Quando alguém dessa tradição fala em saudade “de casa”, esse sentimento vai
muito além da casa em que nasceu, para incluir também o cenário geográfico comunitário. No original
essas realidade expressa-se em quatro “Hs”, ou seja, “Haus”, “Hof”, Heim”,
“Heimat”. “Haus” – a casa de moradia propriamente dita; “Hof”, pátio – a casa
de moradia no contexto dos seus arredores, normalmente delimitados fisicamente
por um muro ou uma cerca; “Heim” – a casa de moradia e suas imediações ou
“Haus” e “Hof”, formando uma unidade; “Heimat” – o cenário geográfico mais
amplo que abriga a comunidade local, com sua igreja, escola, cemitério, casa de
comércio, oficinas de artesãos e demais arranjos que atendem a comunidade. Ter
saudades “de casa” expressa a vinculação existencial com os quatro “Hs”.
Mas,
no contexto da Encíclica o aspeto que mais interessa é a outra dimensão do
conceito “casa”. no seu emprego como metáfora significando a natureza. Não se
trata de uma morada individualizada, num local determinado, num cenário
delimitado. Confunde-se com a natureza como um todo. Em outas palavras. A grande natureza é a “casa”, não do indivíduo mas da espécie
humana como um todo. Nesta “casa” ela surgiu em algum momento que se perde nas
brumas do tempo, em alguma savana da África ou em qualquer outro cenário, tanto
faz. Concebido no meio da natureza, feito do mesmo “pó da terra”, o homem
encontra alimento e abrigo rodeado dos outros animais, das plantas, frutos,
flores, do sol, da lua, das estrelas e como pano de fundo de tudo a sinfonia
dos sons da natureza. Nessa “casa” o homem não só encontra alimento e abrigo
para o corpo como também alimento para seu espírito, para sua imaginação, seus
sonhos, para desenvolver seu mundo simbólico, seu universo mágico e religioso.

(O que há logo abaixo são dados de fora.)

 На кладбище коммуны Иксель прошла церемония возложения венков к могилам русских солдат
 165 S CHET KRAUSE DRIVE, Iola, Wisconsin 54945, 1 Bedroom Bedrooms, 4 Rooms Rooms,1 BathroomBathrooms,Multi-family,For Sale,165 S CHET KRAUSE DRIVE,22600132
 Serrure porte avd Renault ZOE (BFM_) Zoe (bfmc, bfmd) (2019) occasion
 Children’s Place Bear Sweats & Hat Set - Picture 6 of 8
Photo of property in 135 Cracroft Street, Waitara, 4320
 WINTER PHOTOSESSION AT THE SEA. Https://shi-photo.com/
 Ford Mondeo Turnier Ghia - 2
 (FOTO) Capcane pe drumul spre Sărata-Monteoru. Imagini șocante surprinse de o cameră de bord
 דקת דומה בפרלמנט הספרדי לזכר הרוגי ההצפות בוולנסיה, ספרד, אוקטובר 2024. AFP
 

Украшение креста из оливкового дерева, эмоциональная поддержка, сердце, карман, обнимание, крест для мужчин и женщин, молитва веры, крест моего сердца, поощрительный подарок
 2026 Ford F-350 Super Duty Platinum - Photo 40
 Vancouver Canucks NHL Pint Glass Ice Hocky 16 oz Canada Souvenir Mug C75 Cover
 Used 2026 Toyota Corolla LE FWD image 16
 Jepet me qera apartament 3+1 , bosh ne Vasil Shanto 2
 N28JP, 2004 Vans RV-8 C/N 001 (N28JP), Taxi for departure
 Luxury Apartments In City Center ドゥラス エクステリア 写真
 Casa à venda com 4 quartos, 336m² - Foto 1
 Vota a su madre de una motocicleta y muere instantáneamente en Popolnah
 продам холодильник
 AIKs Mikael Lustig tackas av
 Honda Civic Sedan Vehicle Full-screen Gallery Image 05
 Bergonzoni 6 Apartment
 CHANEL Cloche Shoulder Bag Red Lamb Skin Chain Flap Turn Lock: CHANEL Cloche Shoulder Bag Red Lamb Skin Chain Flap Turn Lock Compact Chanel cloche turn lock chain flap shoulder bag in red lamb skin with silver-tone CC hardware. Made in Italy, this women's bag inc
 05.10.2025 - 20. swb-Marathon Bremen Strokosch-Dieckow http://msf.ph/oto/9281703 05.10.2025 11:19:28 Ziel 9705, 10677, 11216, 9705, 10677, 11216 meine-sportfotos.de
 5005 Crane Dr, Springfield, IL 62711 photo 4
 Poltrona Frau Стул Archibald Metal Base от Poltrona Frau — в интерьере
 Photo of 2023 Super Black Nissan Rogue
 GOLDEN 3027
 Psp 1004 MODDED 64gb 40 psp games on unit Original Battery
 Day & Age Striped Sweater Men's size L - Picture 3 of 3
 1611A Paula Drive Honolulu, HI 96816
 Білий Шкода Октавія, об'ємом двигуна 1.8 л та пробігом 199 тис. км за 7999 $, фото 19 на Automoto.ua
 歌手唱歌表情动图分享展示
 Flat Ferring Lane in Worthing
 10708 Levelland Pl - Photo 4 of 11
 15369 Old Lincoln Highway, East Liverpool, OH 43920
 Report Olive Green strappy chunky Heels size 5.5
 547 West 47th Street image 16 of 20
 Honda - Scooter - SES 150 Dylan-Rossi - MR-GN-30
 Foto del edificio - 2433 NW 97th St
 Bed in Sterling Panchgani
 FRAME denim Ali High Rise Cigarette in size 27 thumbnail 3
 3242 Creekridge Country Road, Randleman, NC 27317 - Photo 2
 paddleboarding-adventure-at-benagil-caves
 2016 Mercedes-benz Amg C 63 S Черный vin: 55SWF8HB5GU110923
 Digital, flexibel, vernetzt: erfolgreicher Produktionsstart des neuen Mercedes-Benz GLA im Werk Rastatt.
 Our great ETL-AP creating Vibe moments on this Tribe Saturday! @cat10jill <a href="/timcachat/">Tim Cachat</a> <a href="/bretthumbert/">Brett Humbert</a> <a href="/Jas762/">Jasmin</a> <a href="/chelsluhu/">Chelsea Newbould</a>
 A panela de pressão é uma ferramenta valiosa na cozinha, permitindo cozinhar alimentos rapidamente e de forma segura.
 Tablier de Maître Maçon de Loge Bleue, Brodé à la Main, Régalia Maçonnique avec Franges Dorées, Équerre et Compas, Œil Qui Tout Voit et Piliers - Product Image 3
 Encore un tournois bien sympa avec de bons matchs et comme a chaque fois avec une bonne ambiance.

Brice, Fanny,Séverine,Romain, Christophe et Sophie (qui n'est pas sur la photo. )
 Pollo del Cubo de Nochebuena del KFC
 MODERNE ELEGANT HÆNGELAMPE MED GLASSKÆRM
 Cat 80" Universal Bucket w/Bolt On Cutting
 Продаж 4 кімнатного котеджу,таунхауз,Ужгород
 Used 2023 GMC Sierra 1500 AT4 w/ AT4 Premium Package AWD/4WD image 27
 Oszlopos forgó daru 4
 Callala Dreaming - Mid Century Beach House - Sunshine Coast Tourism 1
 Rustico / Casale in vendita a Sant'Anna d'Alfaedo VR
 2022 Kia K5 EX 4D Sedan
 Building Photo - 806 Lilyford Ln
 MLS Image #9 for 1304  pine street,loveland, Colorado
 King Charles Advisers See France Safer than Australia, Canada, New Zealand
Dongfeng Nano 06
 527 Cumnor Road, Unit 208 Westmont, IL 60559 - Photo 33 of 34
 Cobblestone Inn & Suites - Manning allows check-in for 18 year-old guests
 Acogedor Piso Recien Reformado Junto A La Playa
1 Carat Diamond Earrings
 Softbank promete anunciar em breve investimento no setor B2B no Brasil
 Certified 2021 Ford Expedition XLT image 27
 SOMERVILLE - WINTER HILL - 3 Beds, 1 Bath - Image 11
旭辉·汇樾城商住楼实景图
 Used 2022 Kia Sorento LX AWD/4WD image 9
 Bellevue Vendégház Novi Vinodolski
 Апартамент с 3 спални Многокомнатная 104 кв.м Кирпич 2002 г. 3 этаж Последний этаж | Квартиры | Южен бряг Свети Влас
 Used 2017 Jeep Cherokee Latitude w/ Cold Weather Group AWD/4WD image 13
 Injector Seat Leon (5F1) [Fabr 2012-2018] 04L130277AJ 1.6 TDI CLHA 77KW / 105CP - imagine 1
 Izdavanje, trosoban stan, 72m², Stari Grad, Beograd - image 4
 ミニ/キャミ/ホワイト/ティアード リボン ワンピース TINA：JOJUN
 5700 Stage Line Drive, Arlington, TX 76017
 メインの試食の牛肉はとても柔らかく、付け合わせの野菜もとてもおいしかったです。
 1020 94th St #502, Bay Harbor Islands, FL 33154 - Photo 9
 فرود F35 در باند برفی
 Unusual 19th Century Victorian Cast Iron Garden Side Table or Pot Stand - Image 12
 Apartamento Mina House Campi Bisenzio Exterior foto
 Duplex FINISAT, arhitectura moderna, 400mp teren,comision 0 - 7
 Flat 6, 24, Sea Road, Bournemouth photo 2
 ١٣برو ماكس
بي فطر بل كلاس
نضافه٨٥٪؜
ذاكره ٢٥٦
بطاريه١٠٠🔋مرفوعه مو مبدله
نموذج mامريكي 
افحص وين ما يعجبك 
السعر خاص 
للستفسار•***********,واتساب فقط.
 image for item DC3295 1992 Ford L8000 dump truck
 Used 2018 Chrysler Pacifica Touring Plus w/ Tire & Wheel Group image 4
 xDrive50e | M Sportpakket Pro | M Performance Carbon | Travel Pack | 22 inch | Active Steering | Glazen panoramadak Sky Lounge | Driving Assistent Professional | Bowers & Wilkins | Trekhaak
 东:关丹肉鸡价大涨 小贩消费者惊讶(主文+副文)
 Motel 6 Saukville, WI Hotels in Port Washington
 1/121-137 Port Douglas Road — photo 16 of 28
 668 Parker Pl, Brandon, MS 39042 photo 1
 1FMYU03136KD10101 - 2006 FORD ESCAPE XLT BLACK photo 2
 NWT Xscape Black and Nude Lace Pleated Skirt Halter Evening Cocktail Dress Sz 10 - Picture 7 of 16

Em outras palavras. O homem vive nessa sua casa um relação com a natureza como
um ser que existe como os minerais; existe e vegeta como as plantas; existe,
vegeta e sente como os animais; mas
situa-se num nível acima porque, além e
existir, vegetar, sentir, é dotado da capacidade de raciocinar. Essa
relação existencial explica a forma peculiar como as pessoas enxergam,
compreendem e valorizam o ambiente natural, a “casa”, e tudo que lhe diz
respeito. A forma de viver e o tipo de valorização depende da maneira
individual como as pessoas se posicionam em relação a ela, da cultura em que nasceram
e se criaram e da educação que receberam.